I had the same experience with my xBPDb. He became very agitated when i showed him my vulnerable side. He tried to end the conversation asap and change the subject.

Why is that? anybody any idea?

Im sorry 2014. I agree with Mutt. It's very difficult to be in a PD r/s. I was married to a pNPD and now recovering from my expBPD r/s whereby there was definitely NPD crossover traits. 

Both PDs lack the ability to empathize. 

I know my exNPD partner had zero ability to empathize or allow me to show any vulnerability, ever.  Therefore I kept much inside and felt quite alone. When I met my expBPD that all changed. It felt incredible to be able to be myself, to be opened all the way up by such a loving, present partner who fostered vulnerability, who wanted and was present with so much sharing, who loved talking with me, providing mutual love and support. Who laughed at so much with me.  It was a beautiful, rare, and incredible time.  Something I never knew could exist.

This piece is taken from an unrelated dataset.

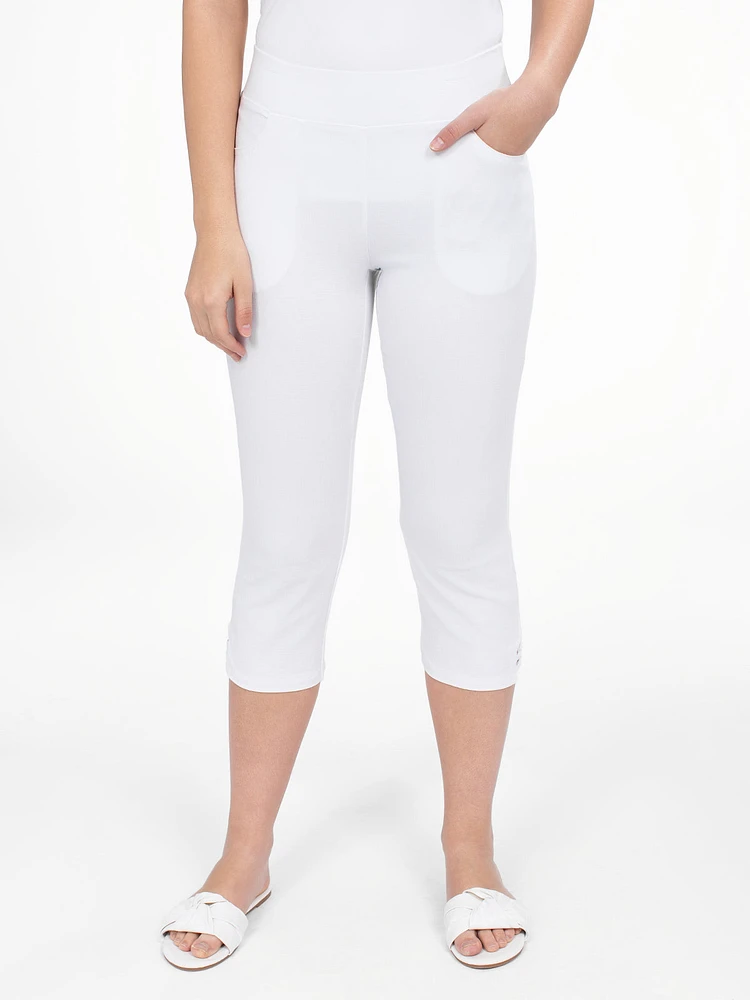 Narrow semi-fitted pull-on capri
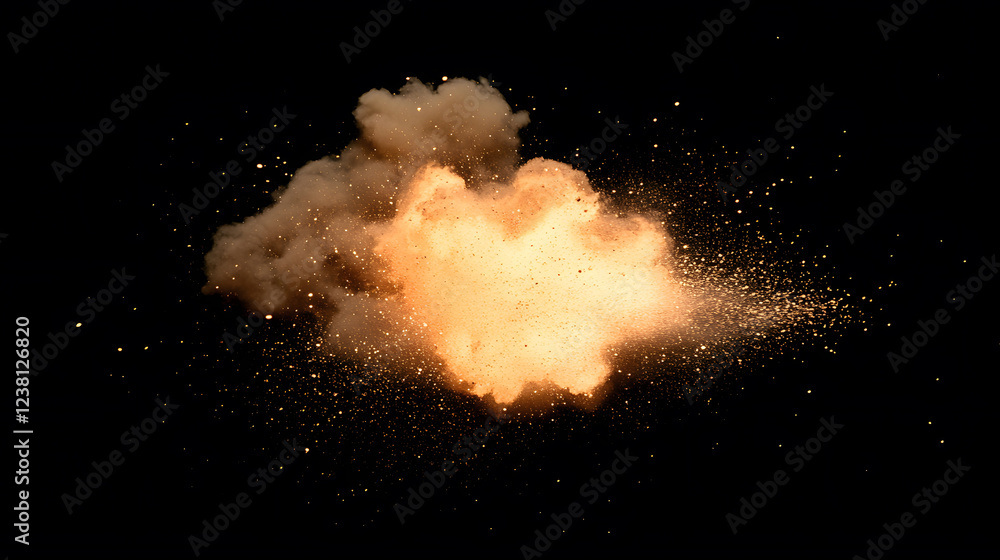 Poster a vibrant explosion with clouds of smoke and sparks captured against a dark background, conveying a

And subsequently, when the latter phases of BPD surfaced, the lack of empathy or ability to allow me to have any needs felt far worse. Bc I had such a sensitive understanding partner in that early stage. To have that taken away in the way that it was, while defying my trust and vulnerabilities,  felt like being slapped hard in the face with cruelty, over and over. 

There's a great deal to be said for being heard and understood. You will find an abundance of that type of support here and I hope you will continue to post and share.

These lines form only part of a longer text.